◆ The task ◆
Would you retype the listing word for word, skipping its pictures?

◆ Data section ◆
· · · · ·

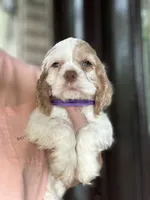 AKC American Cocker Spaniel Girl#1, a female Cocker Spaniel for sale in Charlotte, NC – 1 of 1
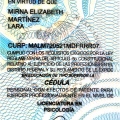 Ampliar imagen: certificate 1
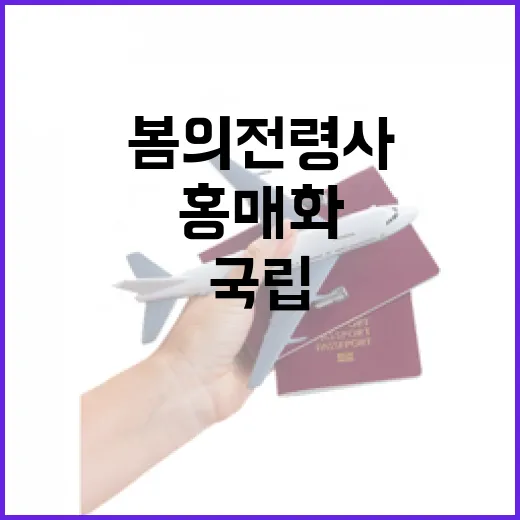 광주 국립박물관 홍매화, 봄의 전령사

· · · · ·

◆ Solution to this exercise ◆
 AKC American Cocker Spaniel Girl#1, a female Cocker Spaniel for sale in Charlotte, NC – 1 of 1
 Ampliar imagen: certificate 1
 광주 국립박물관 홍매화, 봄의 전령사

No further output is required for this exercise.